Inheritance principles are about inheriting classes and interfaces and these relations are drawn vertically in a class diagram, so these principles are the “vertically” principles.

So we have instantiation, 3 horizontally and 3 vertically principles.

Short explanation

Instantiation

Instantiation is creating an object instance based on a class.

Access principles

Abstraction, Encapsulation and Data hiding are 3 principles which belong together.
The picture below shows the coherence between these terms.

  • Abstraction = design the class interface which contains the pubic data types, constants and method definitions.
  • Data hiding = make data not accessible from outside the class.
    This is realized by making the data private (-) or protected (#).
  • Encapsulation = encapsulate the method implementation and data.
    So from outside the class these are only accessible by the class interface.

Inheritance principles

  • Inheritance = Sub class inherits the class interface (public + protected) of the Super class and the implementation of a super class.
  • Realization = Interface class is implemented by an implementing class.
    An interface has no implementation, so the implementing class must implement the interface.
  • Polymorphism = One method definition can have more than one method implementations.

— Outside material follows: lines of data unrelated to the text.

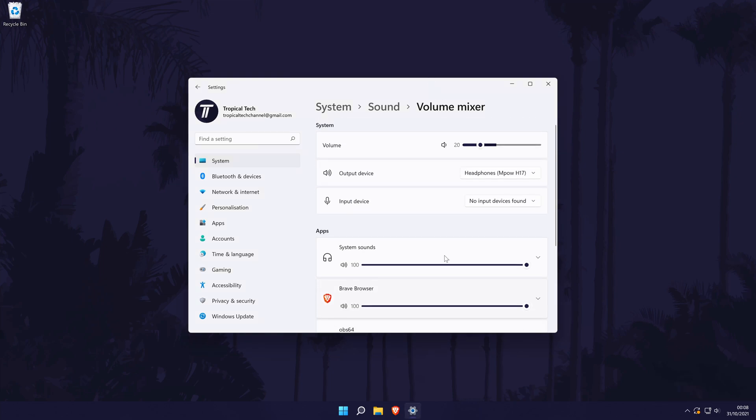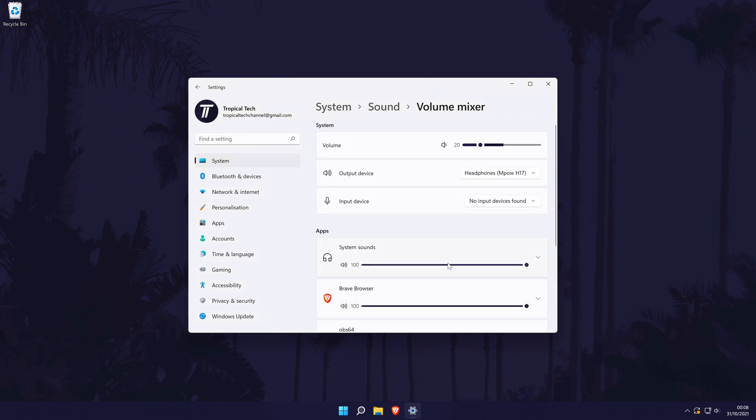As mentioned, in here you can choose your input and output devices at the top as well as change the volume levels and customize related settings. And so that is how to access the volume mixer on a Windows 11 PC or laptop.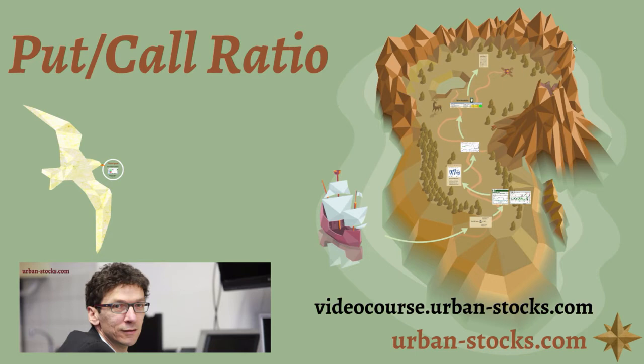Welcome to my video about the put call ratio, how to get data into AmiBroker, and how to develop simple trading systems from it.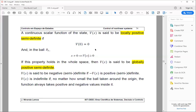Other important definitions are positive semi-definite functions, in which the function vanishes at the origin and is bigger than or equal to zero for all other states. You can also define negative definite functions — these are functions such that minus the function is positive definite — and negative semi-definite functions, where minus the function is positive semi-definite.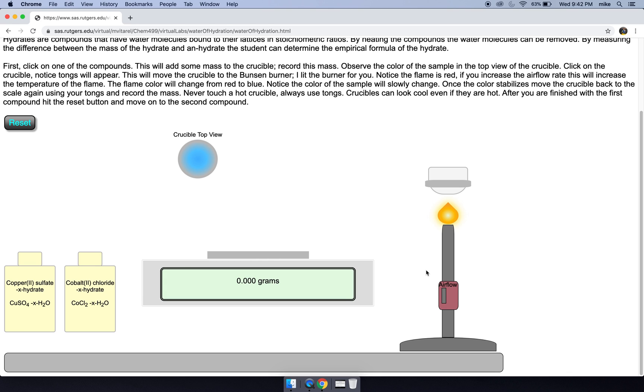But let me increase the air flow rate. If I increase the air flow rate, the flame becomes blue, that's much hotter. So the sample is desiccating faster, notice the color is changing faster.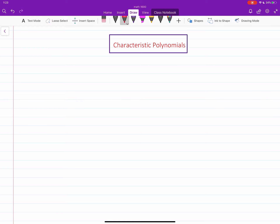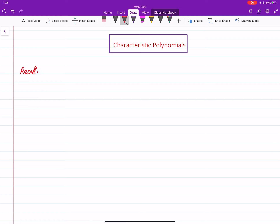In this video we will learn how to find eigenvalues of a general n by n matrix. We'll see that there is a polynomial which plays an important role — we will call it the characteristic polynomial of the given matrix. I'll start by recalling a few facts we already did for two by two matrices, but now applicable to any n by n matrix.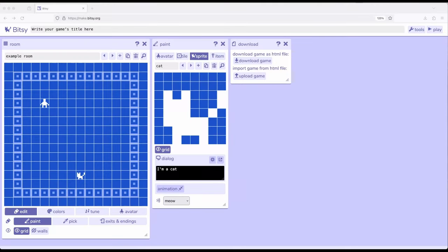Welcome to a tutorial on Bitsy 8. For this video, let's do something a little bit strange.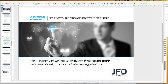Welcome everybody to our next webinar at JFD Bank. Today's topic, as always for these webinars, is JFD Invest — trading and investing simplified. My name is Stefan Friedrichowski. If you have any further questions, feel free to send me an email to s.friedrichowski@jfdbank.com or to support@jfdbank.com. We will make sure you get your answers. Today's date for the records is the 22nd of May 2019.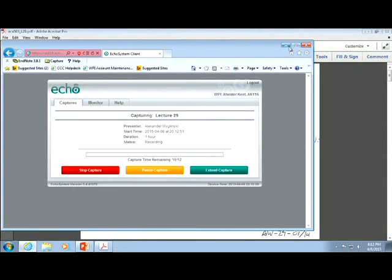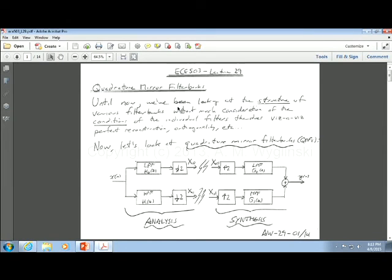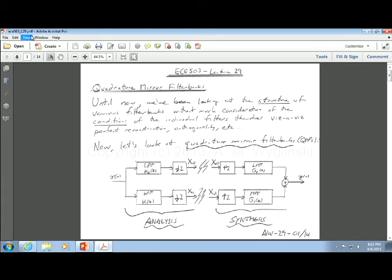This is lecture 29 of ECE 503. Today we talk about the concept of quadrature mirror filter banks. In lecture 28 we talked about filter banks in general — analysis filters, synthesis filters, polyphase representations, uniform filter banks, wavelets, and the like. Now we're going to talk about a divide-and-conquer strategy to come up with filter designs that satisfy what's called quadrature mirror filters.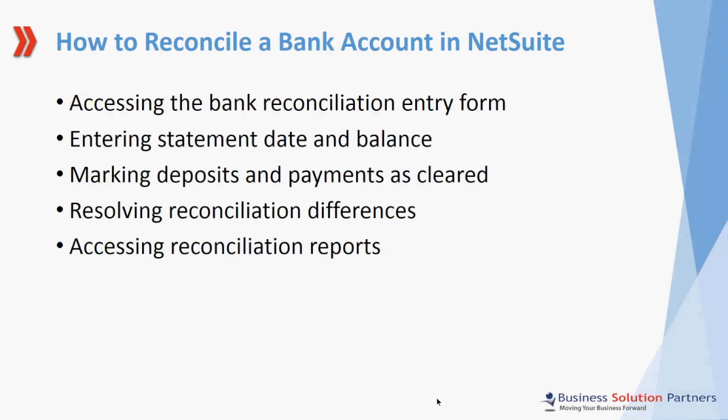Welcome to this short training video on how to reconcile a bank account in NetSuite. This video is presented to you by Business Solution Partners.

In this example methodA() is implemented three times.

Relative class names

Basic relative class names

Relative class names have a purpose in relation to another class.

  • A dependency relation is that class A uses class B.
    This is a “uses-a” relation where the Client class uses the Supplier class.
  • An association relation is that class A is the whole and class B is a part of class A.
    This is a “has-a” relation where Whole class A has a Part class B.
  • An inheritance relation is that class A is generic class of specific class B.
    This is a “is-a kind of” relation where Super class B is a kind of Sub class A.
  • A realization relation is that class A is an implementing class of interface B.
    This is a “implement” relation where Interface B is an interface of Implementation class A.

See also the graph below. The relative class names and the relations are mentioned.

Abstract class vs Concrete class

In relation to inheritance also the terms abstract and concrete are used. An abstract class is a class which cannot be instantiated and a concrete class can be instantiated. For example you have a class Purchase Order and a class Sales Order and both inherit from super class Order. Order is too abstract to be instantiated, that’s why it is abstract.

An abstract class can also have abstract methods. Abstract methods are not implemented in the abstract class, which mean that they have no code. The concrete sub class must implement the code.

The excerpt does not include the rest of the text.